The in-house CAMO team (Continuing Airworthiness Management Organisation) is composed of highly qualified engineers who ensure that the maintenance of the fleet is performed in full compliance with manufacturers’ requirements, only by manufacturer-approved service centres, and that applicable safety regulations are always met.
One of the Safety Manager’s recent improvements has been to implement a new Fatigue Risk Management System (FRMS), which includes recurrent training and hazard identification through the monitoring of crew alertness on flights. The simple, 30-second written document helps crew to assess themselves on a four-point scale at the most critical stages of the flight.
The FRMS manual is intended for all crew members, as well as ground operations staff working around the clock on shifts. It emphasises the need for adequate sleep, identifies work-related risks and how to monitor fatigue.
“It not only teaches them how to identify and deal with fatigue, especially on night flights and long haul, but also how to prepare themselves for their duties in the best manner.

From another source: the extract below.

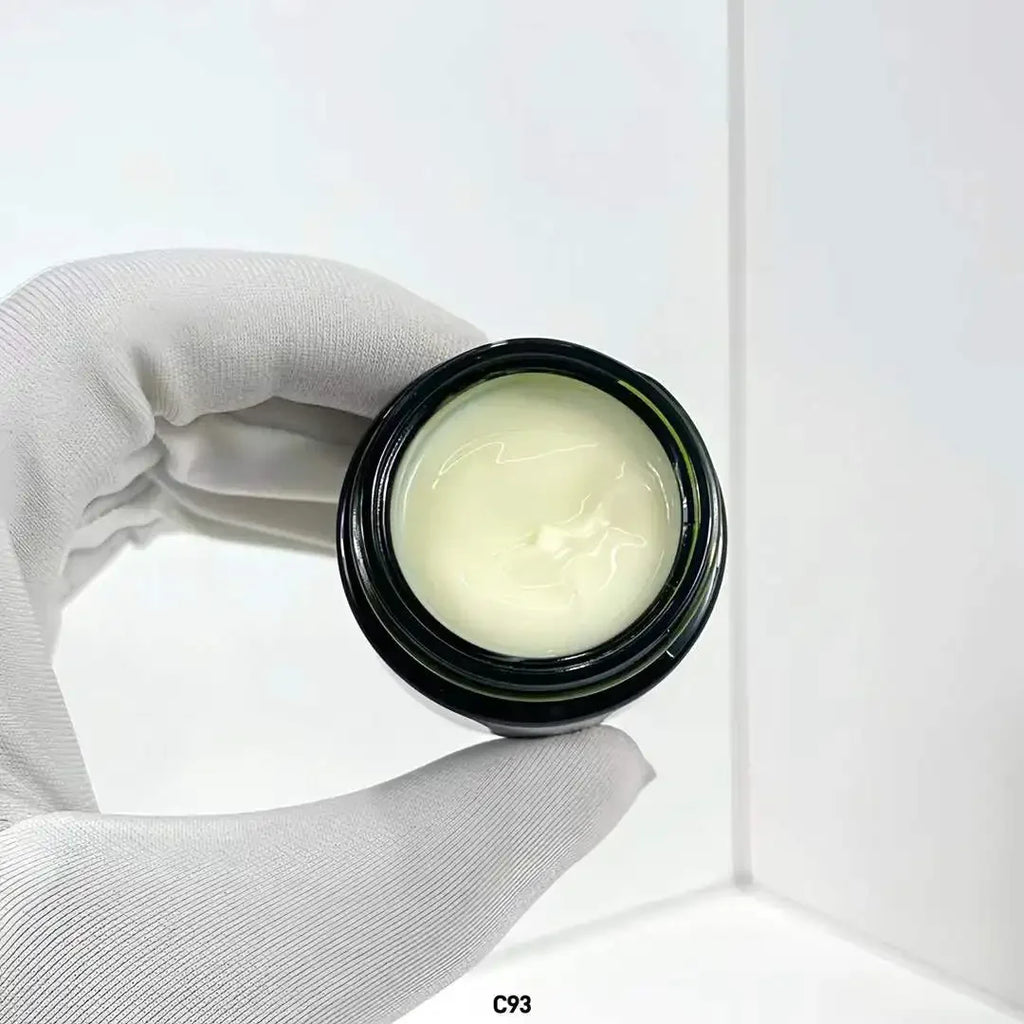 Eye Concentrate Cream 15ml – Hydrating & Firming Eye Treatment Eye Concentrate Cream Oasis Select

We submitted the project to the Federal Office of Civil Aviation (FOCA) and were delighted when it was approved with high enthusiasm from them.”
“Hopefully, it will be used on a more widespread basis in the future but first it has to be monitored for two or three years.”
The Safety Manager also says that a widely implemented ‘Just Culture’ encourages staff to report occurrences as much as they can. Based on a learn-by-experience philosophy, the culture encourages the sharing of safety related information in an atmosphere of trust.
It has been a simple but effective tool in the safety process. “There has been a lot of internal marketing to encourage staff to do this. We rely on them as the eyes and ears of the company.”
Reporting back feeds the company’s Safety Review Board and Safety Action Group, helping them to take strategic decisions and actions to achieve the established safety performance goals.